▶ [Exercise materials]:

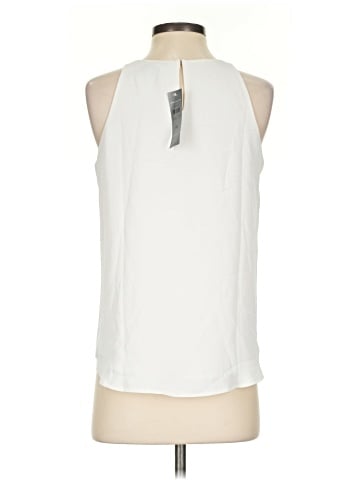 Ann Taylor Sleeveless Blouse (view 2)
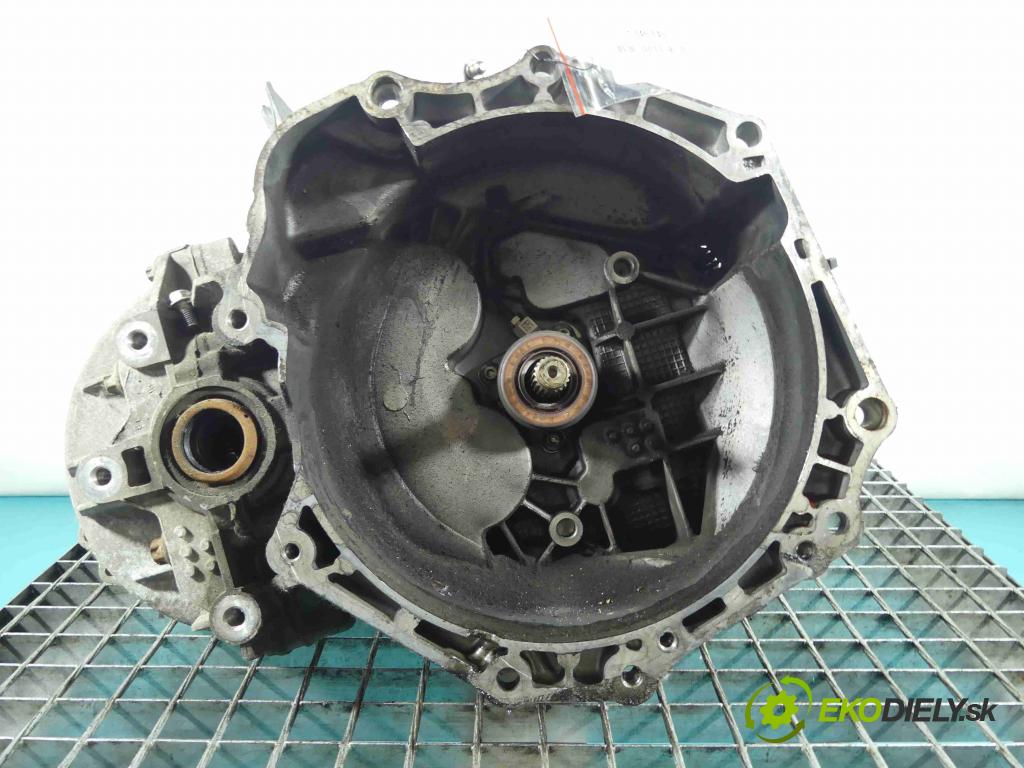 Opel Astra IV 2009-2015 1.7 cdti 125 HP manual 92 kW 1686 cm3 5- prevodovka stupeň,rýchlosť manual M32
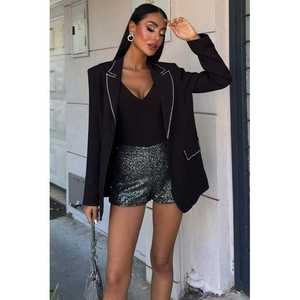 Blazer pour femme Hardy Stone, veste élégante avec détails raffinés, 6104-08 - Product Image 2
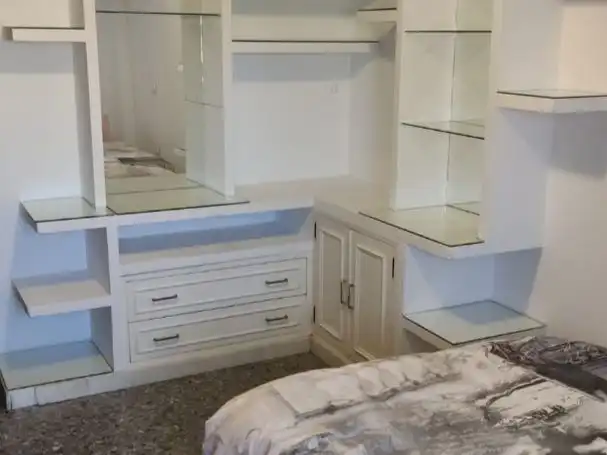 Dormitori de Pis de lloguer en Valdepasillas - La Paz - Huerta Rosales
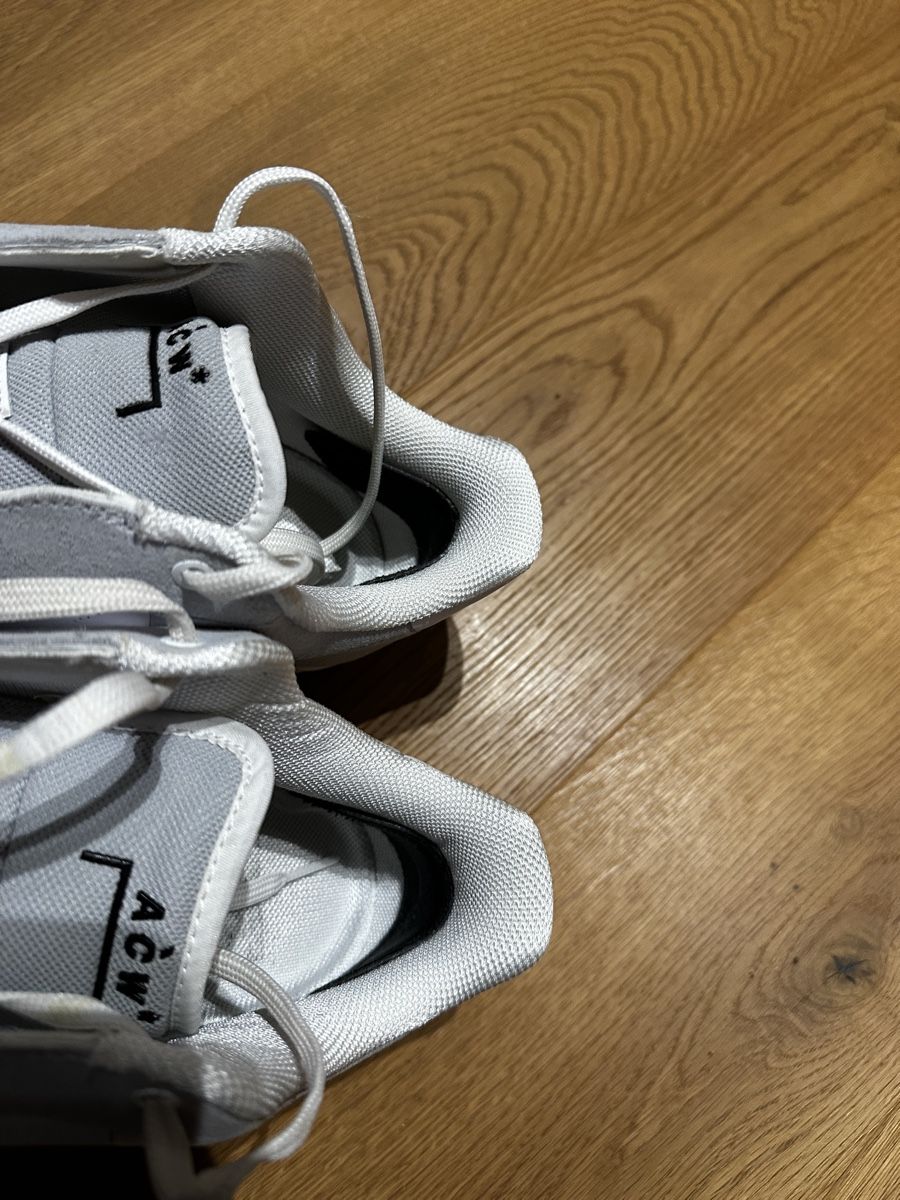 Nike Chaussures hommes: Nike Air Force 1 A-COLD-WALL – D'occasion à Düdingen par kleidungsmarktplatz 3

* * *

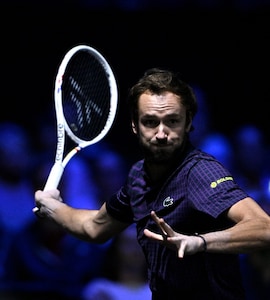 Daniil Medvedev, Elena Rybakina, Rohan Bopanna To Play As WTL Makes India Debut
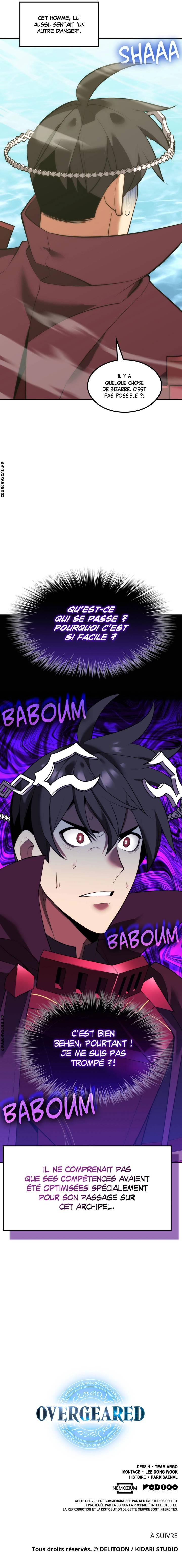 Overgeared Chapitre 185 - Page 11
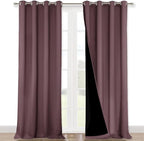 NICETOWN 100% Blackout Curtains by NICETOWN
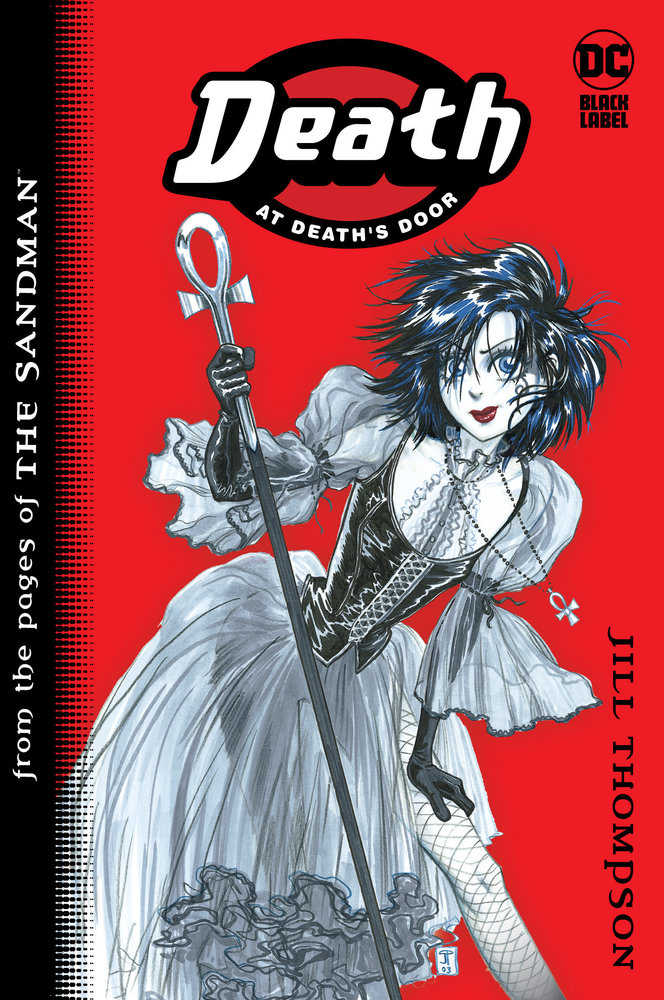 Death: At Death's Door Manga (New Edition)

==

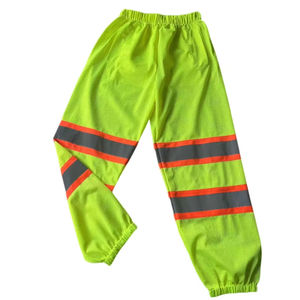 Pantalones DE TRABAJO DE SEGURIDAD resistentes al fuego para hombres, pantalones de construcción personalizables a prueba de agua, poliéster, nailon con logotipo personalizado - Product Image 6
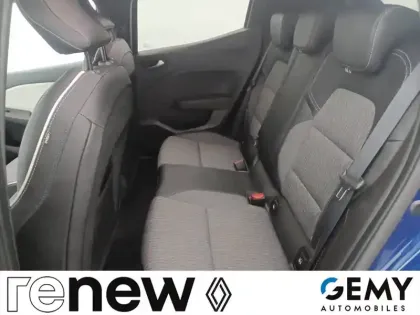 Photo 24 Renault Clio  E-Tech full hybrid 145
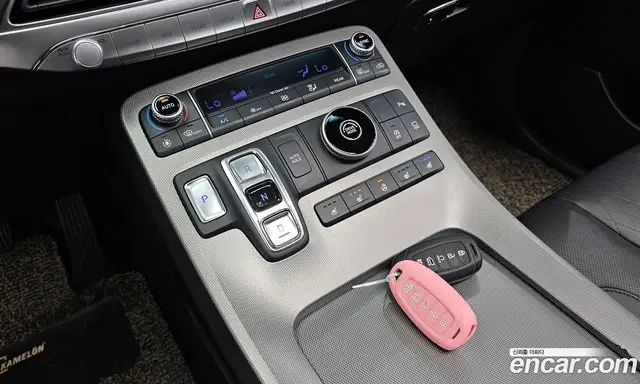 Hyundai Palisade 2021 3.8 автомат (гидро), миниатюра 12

▶ [Problem to work on]:
Nothing but the lines from the one containing "Overgeared Chapitre 185 - Page 11" through the one containing "Death: At Death's Door Manga (New Edition)" should appear, copied exactly from the material above and without pictures.

▶ [Worked solution]:
 Overgeared Chapitre 185 - Page 11
 NICETOWN 100% Blackout Curtains by NICETOWN
 Death: At Death's Door Manga (New Edition)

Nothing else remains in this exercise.